Which MTG Color Am I? All Colours and Guilds in Magic Explained

Let's dive into the colour wheel of Magic: The Gathering, what each colour represents, and which guild you'd belong to!

Magic: The Gathering has a special resource system, where you include your resource cards within your deck, as they are a part of what you draw during the game. Those resources are in the form of Lands, and they can produce mana of specific colours, of which Magic has five: blue, black, red, green, and white.

While this is crucial in the context of casting spells, the colours of MTG are much more than just different shades for the sake of complicating playing your cards. On the contrary, each colour carries with it a unique set of characteristics to the point that if you showed someone the cost of a card, they could very well narrow down what the card can or cannot do.

In today's piece, I want to delve into the world of what colours in Magic do, what playstyles they promote, and what cards they are typically associated with, alongside with key two-colour pairs that are used across every format of MTG.

 

The Colour Wheel

colour wheel

As I said previously, Magic has five colours of mana: blue, black, red, green, and white. Each of those colours has its own characteristics, identity, and flavour. This is a crucial part of MTG as a game and its success over the years. A simple resource system turned into a feeling of belonging. If you've ever conversed with a Magic player, statements like 'she loves blue' or 'he's more of a red player' are a daily occurrence - and that's for a good reason! Each colour promotes specific gameplay and strategies that some players tend to enjoy more than others.
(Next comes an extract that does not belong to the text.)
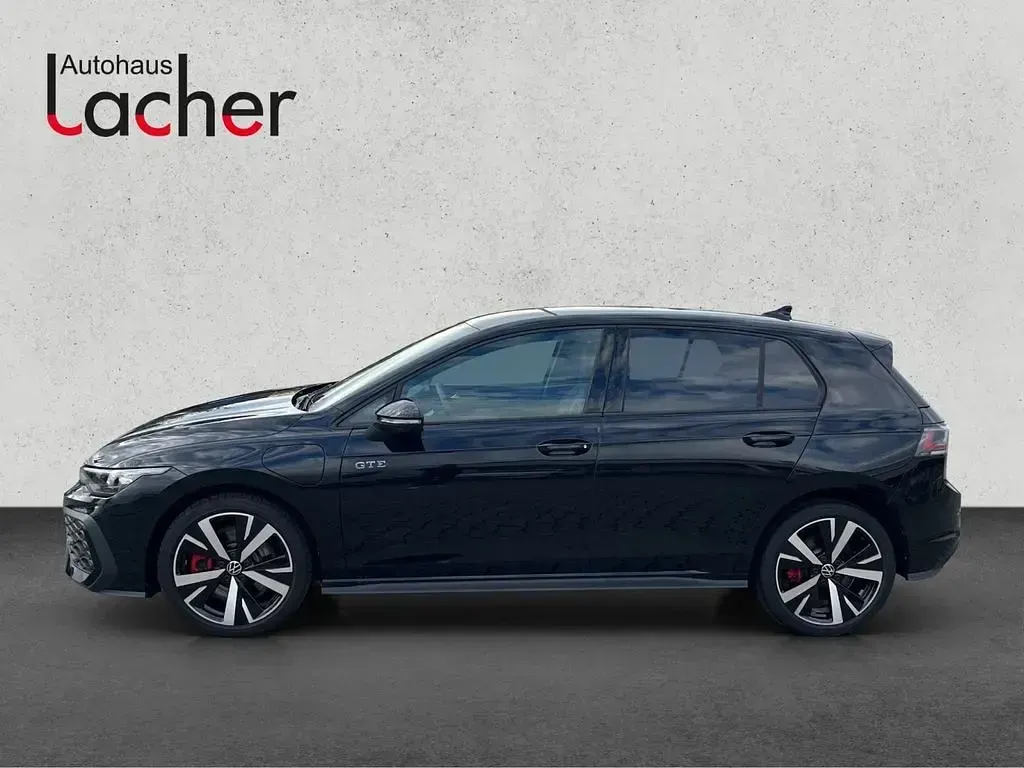 Gebraucht VW Golf VIII GTE 272 PS (200 kW) 2025 Schwarz Limousine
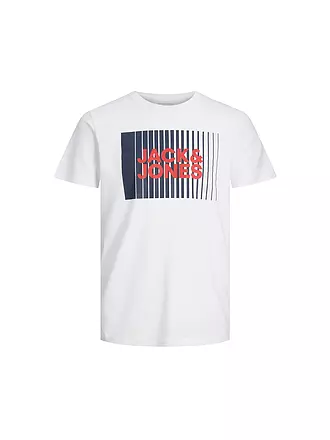 JACK & JONES | Jungen T-Shirt JJECORP | weiss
Magic design is trying to adhere to those characteristics set by set but sometimes a card is released that doesn't seem to work within our conceptions of the colours of MTG - such a phenomenon we'd call a colour pie break. It's pretty rare, but sometimes if done often enough in the same way it expands the original identity of a colour. I will delve deeper into each individual colour later, but just to give an example now.

Feed the Swarm is a black card that:

  • destroys a creature
  • destroys an enchantment
  • loses you life

Two out of three are perfectly in line with what you'd expect Black to do but...the middle effect is very out of character. Black, for all intents and purposes, cannot deal with the enchantment card type - and yet here we are. This is still considered just a pie break, as black hasn't (yet?) gained the identity of being able to remove enchantments.

It wouldn't be realistic to only use single colours to describe the decks people play, as it's rare to actually see mono coloured strategies. The vast majority of decks throughout Magic's history have been two colours - combining the characteristics of both. When original Ravnica was released in 2005, it got solidified much more strongly into specific naming conventions of those two-colour pairs we have since called Guilds.

While you could shorthand the identities of each guild as a combination of the characteristics of the colours that make it up, because of Ravnica, we have very specific associations of what specifically those Guilds represent - which you will often see manifested in products such as Commander Preconstructed decks that feature a given colour pair.

That said, let's get into those aforementioned characteristics!

 

The Colours of Magic

Blue

Blue is the colour of knowledge, curiosity, and intelligence. It acts with intent, methodologically, trying to work out solutions to difficult problems.

It's infamous for being the only colour that wields Counterspell effects - a way to say 'no' to anything on the stack. This counterspell identity comes at a severe cost, as blue doesn't have good removal at its disposal, putting it typically in a spot where it either has a counterspell or it's in big trouble. It is, however, known for 'temporary' answers to problems, using so-called bounce or Return to hand effects.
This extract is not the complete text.